If you want to get really creative, you can also use the full ASCII character set by pressing and holding ALT and typing in a number from 0 to 255 on your keyboard.
You can also use a password manager like LastPass to generate a random password and then save it in LastPass so you won’t even need to remember the password.
7. Enable two-factor authentication
More and more online sites are enabling two-factor authentication. Two-factor authentication means that after you enter your username and password, you also need to enter additional information that you have on your.
In other words, you log in with something you know, and something you have.
There are different ways to enable and use two-factor authentication. The easiest way for me is to use the WordPress plugin Google Authenticator that will require me to enter a six digit code from the free Google Authenticator app (iOS, Android) on my smartphone.
8. Restrict user access
If you manage a site that has many users, then you will want to ensure you only provide the level of access that is necessary for them to do their job. In WordPress, user access permissions is managed by a role.
There are several different roles and capabilities in WordPress, and you should take the time to read through what each roles can do, and then decide what role each user on your site should be assigned.
9. Install an overall security plugin
While I did mention managing the number of plugins you have installed as a security measure, there are some plugins that can help protect your site.

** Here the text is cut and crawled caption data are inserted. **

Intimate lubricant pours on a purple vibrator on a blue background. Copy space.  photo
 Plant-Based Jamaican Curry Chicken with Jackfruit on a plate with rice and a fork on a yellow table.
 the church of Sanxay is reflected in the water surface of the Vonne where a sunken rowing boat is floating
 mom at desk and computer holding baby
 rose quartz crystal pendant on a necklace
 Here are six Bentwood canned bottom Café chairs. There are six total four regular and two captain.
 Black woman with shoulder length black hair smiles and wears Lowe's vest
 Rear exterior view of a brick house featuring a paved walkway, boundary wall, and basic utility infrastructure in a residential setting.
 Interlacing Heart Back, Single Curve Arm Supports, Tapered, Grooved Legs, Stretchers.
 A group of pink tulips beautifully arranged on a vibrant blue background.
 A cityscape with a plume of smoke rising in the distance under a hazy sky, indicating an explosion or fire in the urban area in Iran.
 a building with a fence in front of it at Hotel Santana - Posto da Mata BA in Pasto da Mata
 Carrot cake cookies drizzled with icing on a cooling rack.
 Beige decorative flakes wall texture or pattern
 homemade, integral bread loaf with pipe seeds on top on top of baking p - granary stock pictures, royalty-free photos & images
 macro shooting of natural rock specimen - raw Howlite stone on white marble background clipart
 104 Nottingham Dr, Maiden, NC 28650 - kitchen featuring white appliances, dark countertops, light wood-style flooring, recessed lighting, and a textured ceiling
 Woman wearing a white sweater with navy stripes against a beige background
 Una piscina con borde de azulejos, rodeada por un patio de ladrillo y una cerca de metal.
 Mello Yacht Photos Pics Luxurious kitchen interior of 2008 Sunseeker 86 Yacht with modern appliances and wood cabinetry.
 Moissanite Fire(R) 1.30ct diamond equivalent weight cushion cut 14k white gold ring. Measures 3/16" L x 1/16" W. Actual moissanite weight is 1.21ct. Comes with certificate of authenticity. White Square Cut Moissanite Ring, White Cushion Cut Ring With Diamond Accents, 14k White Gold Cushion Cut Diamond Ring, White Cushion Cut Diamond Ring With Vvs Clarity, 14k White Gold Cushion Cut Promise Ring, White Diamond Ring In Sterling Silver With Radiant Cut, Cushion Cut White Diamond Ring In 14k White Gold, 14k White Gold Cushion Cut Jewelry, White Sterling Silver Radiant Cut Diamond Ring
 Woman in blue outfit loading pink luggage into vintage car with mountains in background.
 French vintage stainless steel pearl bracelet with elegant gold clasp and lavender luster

Some are much easier to use than others, and some have different features.
I haven’t used too many security plugins, but have used the following:
- Wordfence: This is a popular security plugin that is easy to setup and use. It provides many alerts through email when an issue is found so you always know when action needs to be taken.
- Sucuri Security: Another easy to use and setup plugin that provides security notifications via email.
- Bulletproof Security: This plugin is for the advanced, technical user as it manages to include a layer of security at the .htaccess level. This plugin does require some knowledge of how .htaccess works.
The list above is in now way an exhaustive list, they are just plugins I have used or continue to use.
10. Use a strong hosting password
All of the above tips can be bypassed if a malicious user is able to gain access to your host. Once they gain access to your host, all of your sites are open to anything they choose to do.
The best security you can put in place is to make it difficult for the malicious user to gain access by creating a strong password for you hosting account, much like your WordPress administrative user.
The same password rules apply to your hosting account as it does to your WordPress account.
The 10 tips that I have provided above won’t provide 100% protection, but it will make your blog more difficult to access for malicious visitors.